Es bestehen zahlreiche Fort- und Weiterbildungsangebote, z.B. im Bereich

  • Materialwissenschaften
  • Oberflächentechnik und Nanowissenschaften
  • Composite-Werkstoffe (Verbundmaterialien)
  • Massenspektrometrie und molekulare Analytik
  • Computertechnik/Chemie-Informatik
  • Umweltanalytik (Umweltbetriebsprüfungs- und Umweltbegutachtungsverfahren)

 

Die FH Kufstein bietet den (kostenpflichtigen) Masterlehrgang Bio Inspired Engineering. Die FH Joanneum bietet das Masterprogramm Massenspektrometrie und molekulare Analytik.
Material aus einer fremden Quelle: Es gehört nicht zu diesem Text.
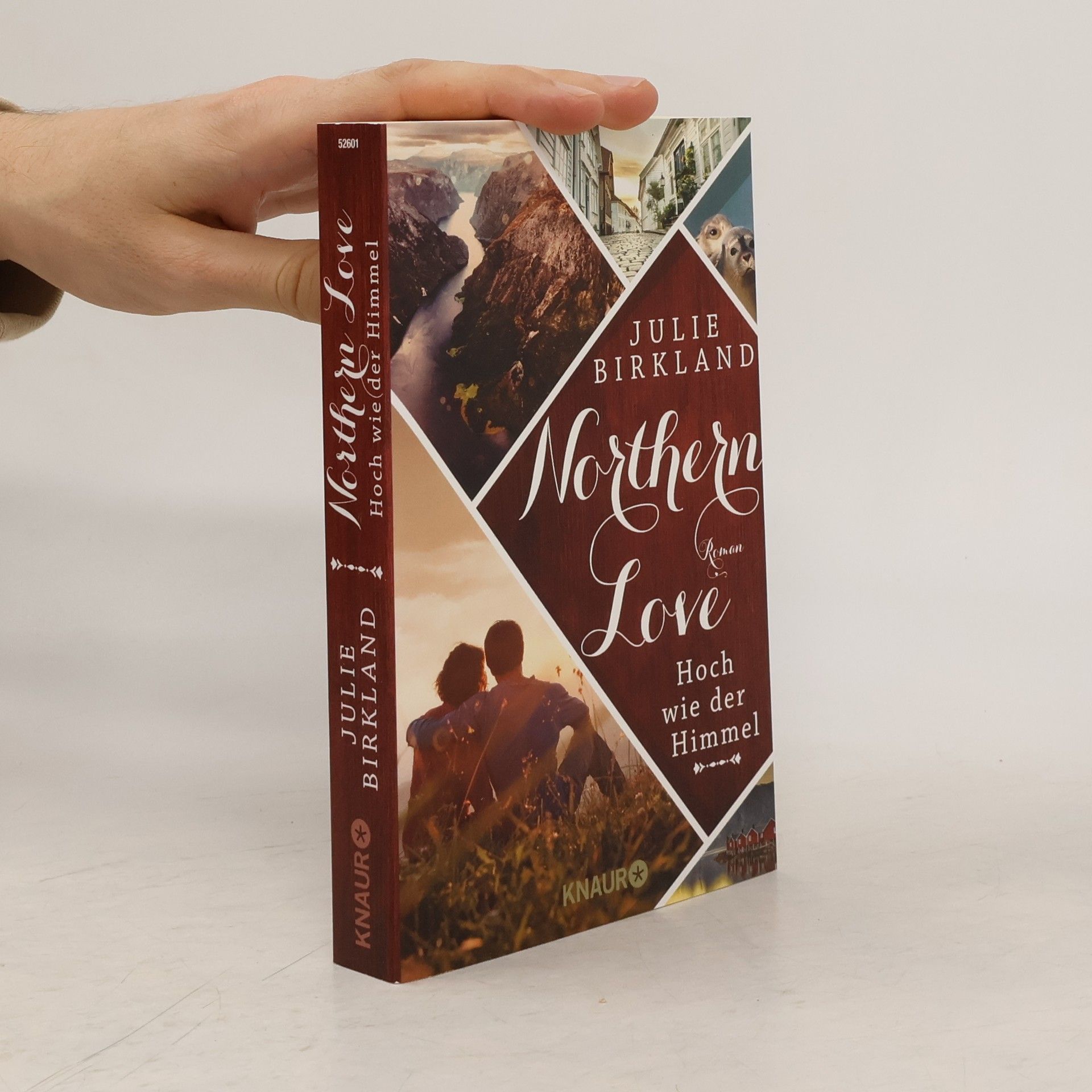 Julie Birkland Northern Love: Hoch wie der Himmel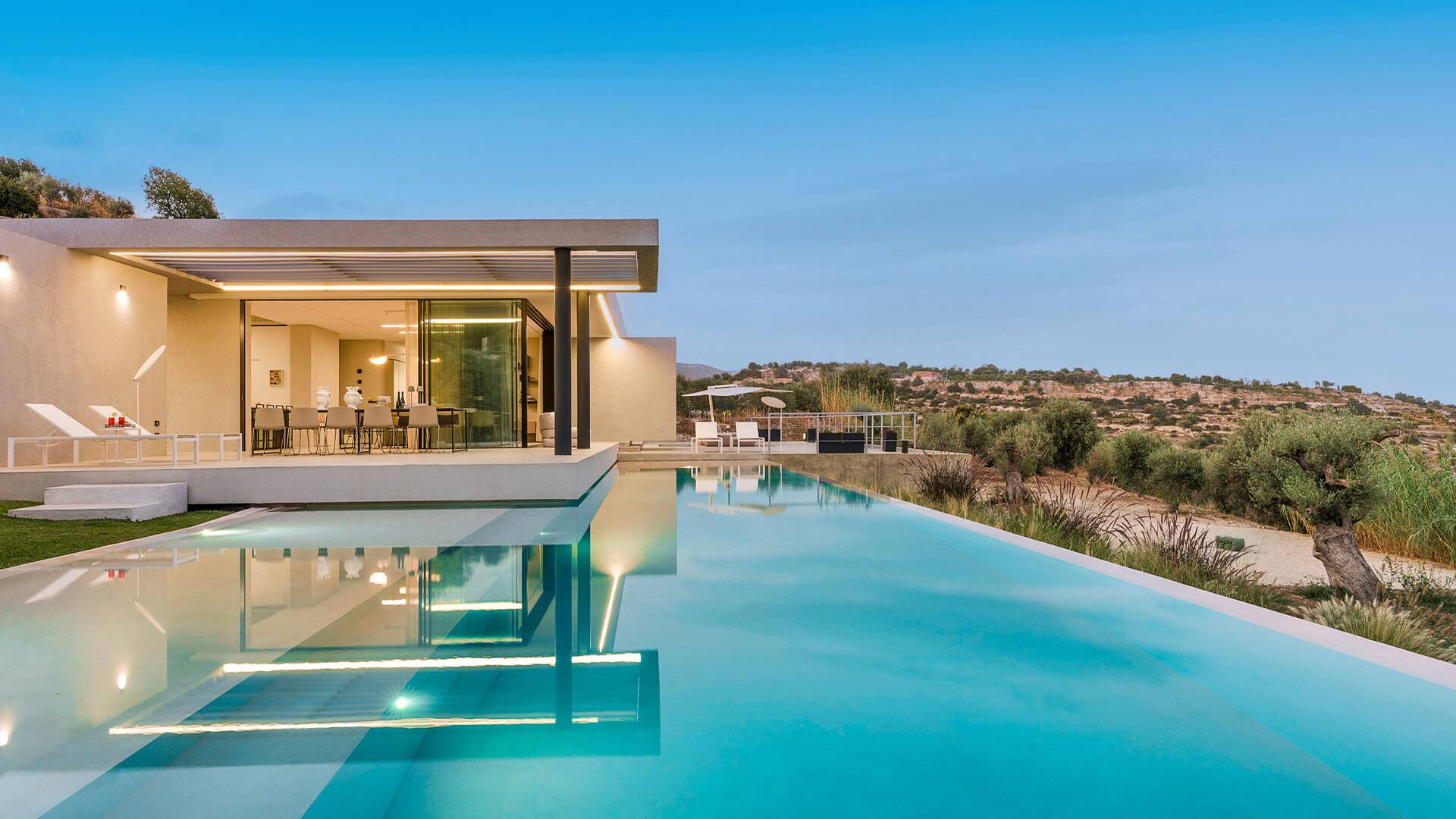 Balsamina luxury villa in Sicily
MedUni Wien: Forensische Wissenschaften (Master of Forensic Science). Zielgruppe: NaturwissenschafterInnen, MedizinerInnen, AnwärterInnen für allgemein beeidete und gerichtlich zertifizierte Sachverständige in Gesundheitsberufen.

Formale Aufstiegsmöglichkeiten in industriellen und gewerblichen Betrieben sind z.B. Funktionen wie kaufmännische LeiterIn, Abteilungs- oder ProduktionsleiterIn, QualitätsmanagerIn oder LeiterIn z.B. für Produktionslogistik oder Export.

Darüber hinaus besteht die Möglichkeit der selbstständigen Berufsausübung im Rahmen des Rechtskraftgewerbes Chemische Laboratorien oder des Reglementierten Gewerbes der DrogistInnen. Nähere Infos bietet z.B. Wirtschaftskammer Österreich WKO.

Für AbsolventInnen bestimter Studienrichtungen besteht die Möglichkeit zur selbstständigen Erwerbstätigkeit als ZiviltechnikerIn.